Here we need to inquire - what is the standard that we are measuring value by and is that standard legitimate? If the standard is building character than I think it could be said that hard work usually works to build character-- though too hard a work and exploitation can also work to harden the soul.

Will it be moral to continue working for a cigarette company knowing the sickenesses that smoking creates?

No I don't think it would be moral- and yet it would also seem immoral to me, as someone with a good job, to morally condemn someone who was working for a tobacco company because it was the only decent job that he could find to take care of his family. So I would go for degrees of culpability, but yes I would have to say that being part of a business that killed millions would not exactly be a righteous line of work.

How does a philosopher become popular? Why do we teach the writings of some philosophers, but not others if all philosophers work from a common history, or work within a common tradition or set of ideas that include logic? Is there a social construction to philosophical ideas?

Plato, Aristotle, Kant, and a few others aside, the stocks of philosophers does seem to go up and down. In the late forties and fifties, for example, Kierkegaard was quite popular. Then analytic philosophy developed a strangle hold and he was dubbed to be too obscure. Then in the late eighties, with the emergence of deconstructionism/ postmoderninsm, analytic philosophy ceased to dominate and Kierkegaard was back in the club. There is a social dimension - a kind of market force at work. I direct a research Library on Kierkegaard and we have many international scholars come to the Library and their take on Kierkegaard, what they find important, differs according to the their political and economic situation. As you hint, difficulty is also a factor. I can't teach Husserl in my Existentialism class because it would just go over everyone's head. Thanks.

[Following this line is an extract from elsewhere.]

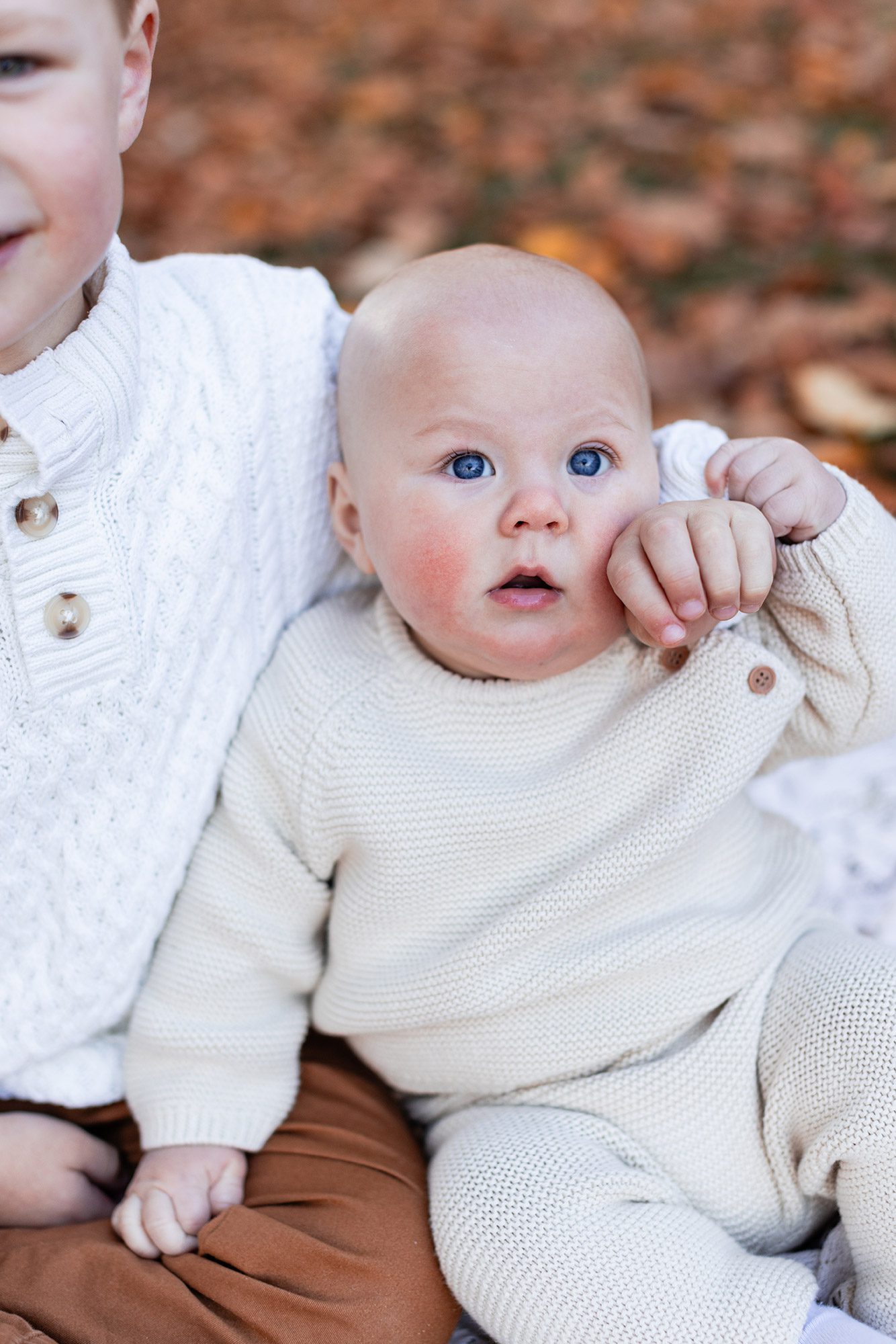 Boston Fall Family Photos - bald baby in a park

Are double standards always wrong? Even though I am a female, I have always had more (and closer) male friends than female. For example, one of my best friends is male, and we talk on the phone/computer about once a week, not counting intermittent texts throughout the week. However, I would be extremely uncomfortable if my boyfriend (of six years, perhaps irrelevant) had the same type of relationship with a female. He does not have any close friendships with women, both prior to and during our relationship, whereas prior to our relationship I have had many close friendships with men. Is it morally wrong for me to expect something from him that I do not apply to myself? For example, I would not like it if he called another woman on the phone, "just to talk." In response to the question of whether he is comfortable with my friendships with men, most of them are his friends as well, and he does not indicate any problem with my friendship with them. But as already said, I don't have many close...

If we think of justice as, in part, equal treatment, then yes it does seem unfair. Why couldn't you work at being less threatened. Sometimes doing the right or fair thing means bumping up against and dealing with feelings that we don't like; feelings of the sort that you are describing. Also, might be good to try and develop some same sex friends but that has nothing to do with your normamtive question. Thanks.